A Stadium for the People
August 15, 2003
The Hubert H. Humphrey Metrodome in Minneapolis is one of the only metropolitan stadiums in the United States run for the benefit of the public, not the teams who play there, says the Wall Street Journal.
When the Metrodome was first proposed in the late 1970s, residents supported the idea but wanted taxpayers costs kept to a minimum.
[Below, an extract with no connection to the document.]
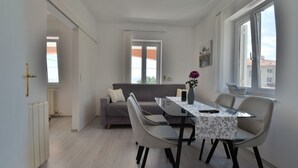 Een moderne woonkamer met een eettafel, bank, stoelen, een vaas met bloemen en grote ramen.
A short-lived hotel and entertainment tax ended two years after the stadium opened, and no tax subsidy has been used to finance the Metrodome since:
- The construction debt on the Metrodome, which cost $88.5 million to build, was repaid by 1998, mostly with money from the sale of the land where the city's former Metropolitan Stadium stood before being demolished.
- The Metrodome costs only about $12 million annually to run.
- The Minnesota Vikings, for example, only receive 10 percent of the gross concession sales -- the worst deal in the National Football League.
- The Metropolitan Sports Facilities Commission gets the rest to run the stadium.
Critics say that although taxpayers got a good deal on the Metrodome, the stadium is now largely out-of-date and three teams -- the Twins, the Vikings, and the University of Minnesota's football team -- want new facilities.
The "fiscally conservative" Metrodome model is quickly being eclipsed by the current model of financing construction of new stadiums through tax revenue and other public sources, allowing teams to take in the revenue from the facility.
One possible alternative was proposed in a 2002 "stadium bill" that the Minnesota legislature passed: a new Twins ballpark financed by " team contributions" and local taxes.